- Written by: Mark Chappell; Alan Connor; Shaun Pye;
- Directed by: Brian Welsh
- Country of origin: United Kingdom
- Original language: English

Production
- Producer: Barney Reisz
- Cinematography: Zac Nicholson
- Editor: Ben Yeates
- Production company: Zeppotron

Original release
- Network: BBC iPlayer
- Release: 17 January 2016

= The Rack Pack =

2016 British film

The Rack Pack is a 2016 British comedy-drama television film about professional snooker during the 1970s through the 1980s, focusing on the intense rivalry between Alex Higgins and Steve Davis.
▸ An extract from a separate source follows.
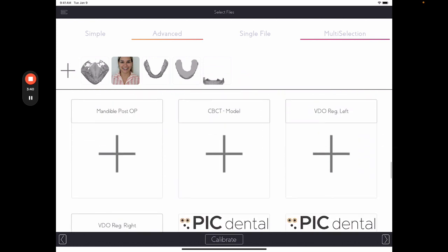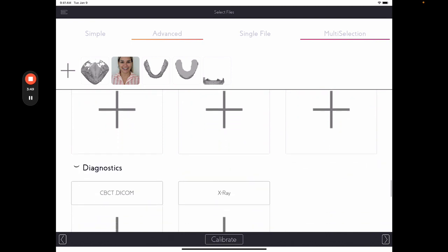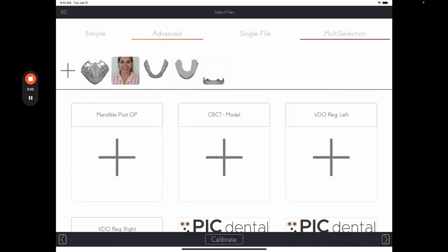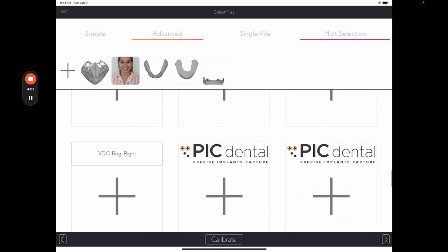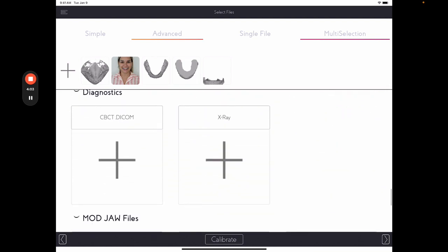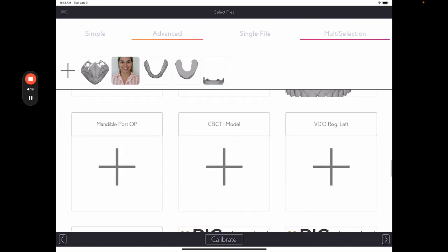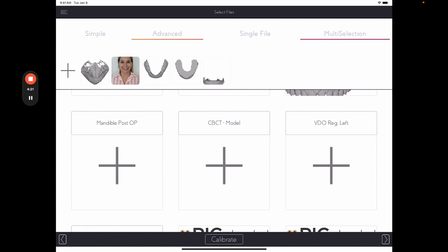I will also add the patient's CBCT model as an STL file. Notice that we have two boxes here. One here that says CBCT model, which is where you will add the STL file of your CT scan for you to see the bone part of your planning. And here at the bottom, we have the CBCT DICOM file.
The film is directed by Brian Welsh and was released on BBC iPlayer on 17 January 2016.

==Cast==

- Luke Treadaway as Alex Higgins
- Will Merrick as Steve Davis
- Kevin Bishop as Barry Hearn
- Nichola Burley as Lynn Higgins
- James Bailey as Jimmy White
- Daniel Fearn as Robbo
- John Sessions as Ted Lowe
- Tom Fisher as Pete
- Rob Crouch as Oliver Reed
- Russ Bain as Cliff Thorburn
- Marc McCardie as Tony Knowles
- Caolan Byrne as Dennis Taylor
- Gary Davis as Bill Werbeniuk
- Jimmy Watkins as Terry Griffiths
- Konstantine Osipenkov as Willie Thorne

==Release==
BBC released The Rack Pack in January 2016 as an exclusive on its media service iPlayer to be available for 12 months. The Guardians Mark Lawson said while this was not the first exclusive on BBC's service, "It clearly feels the most ambitious, and the one that might otherwise have been expected to be conventionally screened." The film ranked in the top twenty requested programmes on iPlayer for January and racked up over a million requests in its first three months of release. It had its television premiere on BBC Two later in the year.

==Reception==
Rachel Ward of The Daily Telegraph said of the film's comedy, "The humour was gentle, coming from a wry recognition of the era's excesses." She said, "The film expertly gave depth to the character of Davis, with Merrick managing to convey a controlled stillness, as the future six-time world champion grew from nerdy teenager to confident ace."